The liver produces a substance called bile. This is a green coloured liquid that helps the body to digest fats. Bile contains water, cholesterol, fats, bile salts and bilirubin. Bile salts break up the fat, and bilirubin gives stools their yellow-brown color. The liver secretes bile into a branching network of small tubes called bile ducts, which join together to form a single large tube called common bile duct. The common bile duct opens into the duodenum, which is the initial part of the intestine just beyond the stomach. The gallbladder is connected to the common bile duct. Thus the bile flows from the liver to the common bile duct and into the gallbladder where it is temporarily stored when we are fasting. After we take a meal, the gallbladder contracts and emptiesbile into the duodenum where it helps to break down the fats.
What are gallstones?
Gallstones are formed when the bile stored in the gallbladder hardens into pieces of stone-like material. Gallstones are mainly composed of cholesterol. Most patients with gallstones remain symptom-free for many years and may, in fact, never develop any symptoms.
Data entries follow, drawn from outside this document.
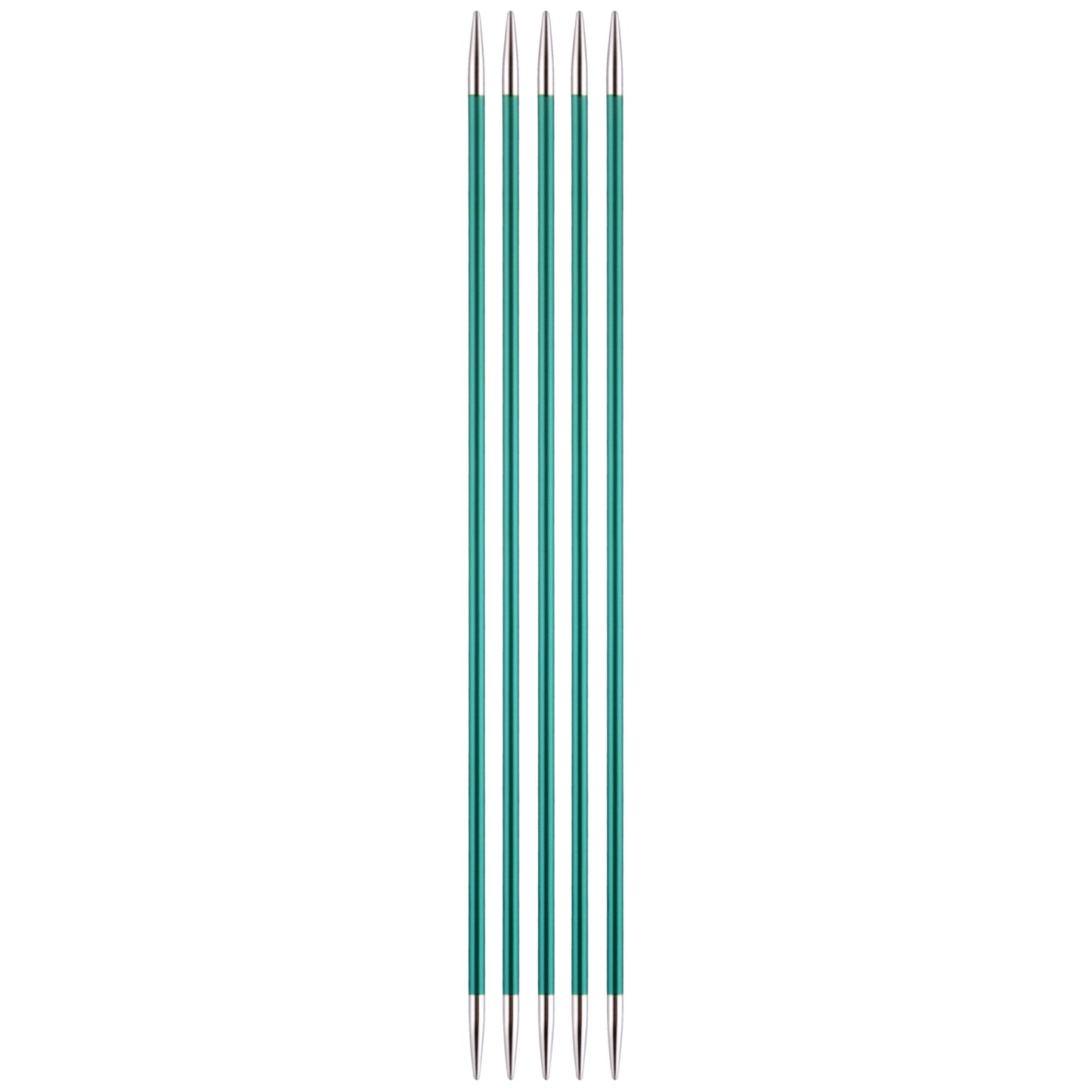 Knit Pro Zing Double-Point Coloured Knitting Needles-Set Of Five 3.25mm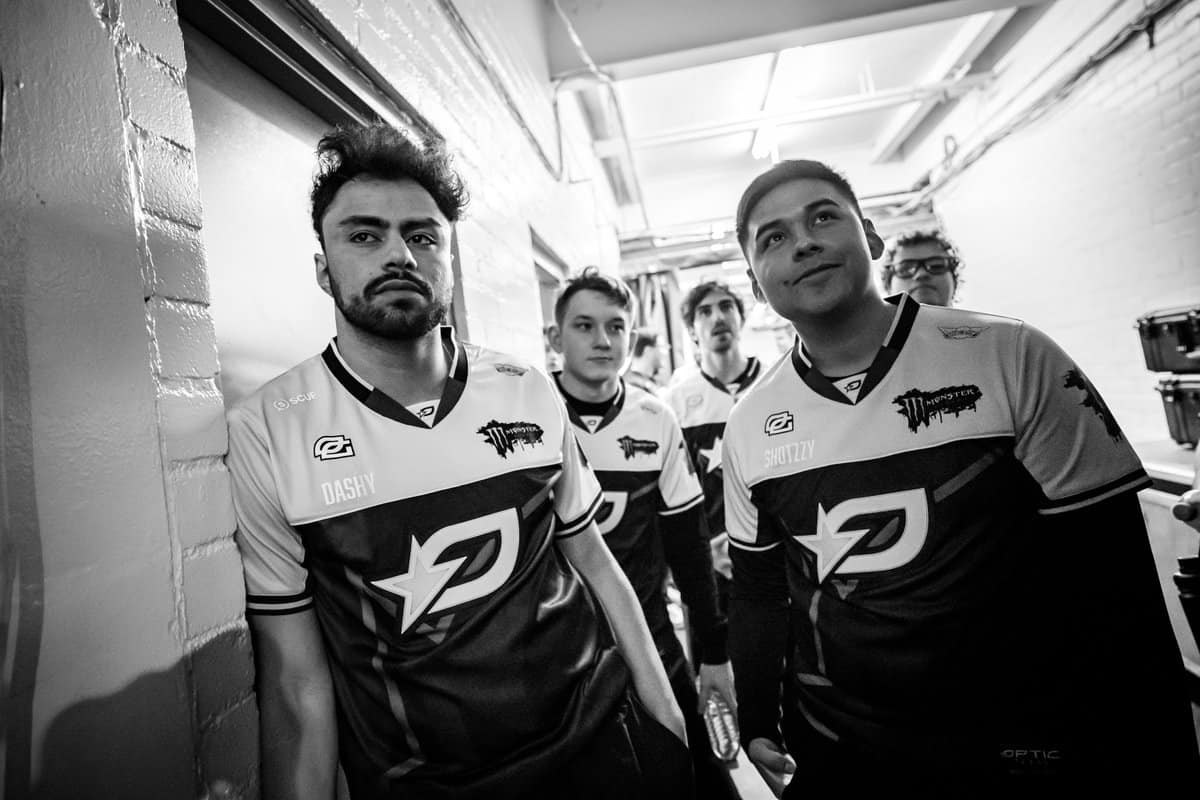 OpTic Texas Wins The CDL Monster Energy Launch Invitational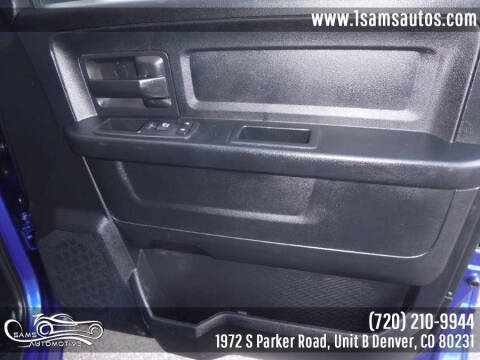 2016 RAM 1500 Tradesman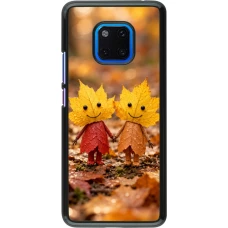 Huawei Mate 20 Pro Case Hülle - Autumn 26 Couple of leaves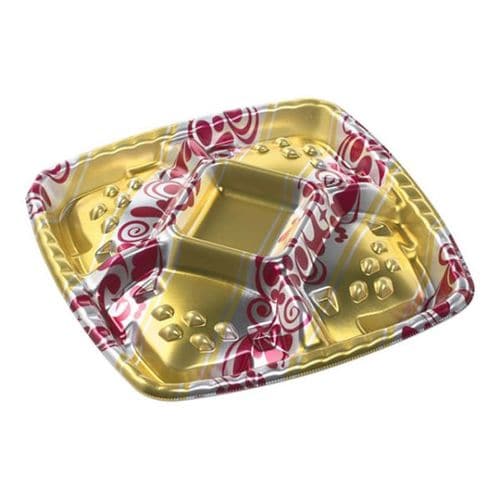 シェルトプラッター角30 本体 エリス赤 ×20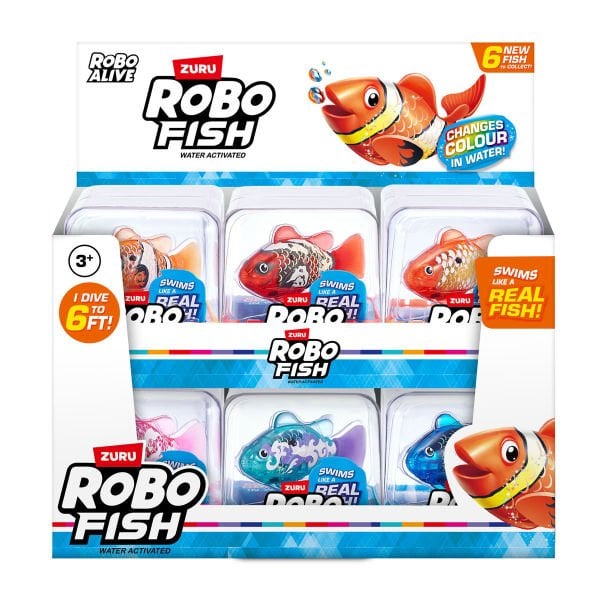 RBF00220 Robo Alive Balık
Symptoms of gallstones are variable ranging from brief episodes of abdominal pain (known as biliary colic) to potentially life-threatening complications, such as acute inflammation and infection of the gallbladder (cholecystitis), inflammation of pancreas (pancreatitis) and obstructive jaundice. It is accepted that the best treatment for gallstones that cause symptoms is the removal of the gallbladder by keyhole surgery (laparoscopic cholecystectomy). Occasionally surgery maybe recommended for patients with gallstones in the absence of symptoms also.
When is a laparoscopic cholecystectomy done?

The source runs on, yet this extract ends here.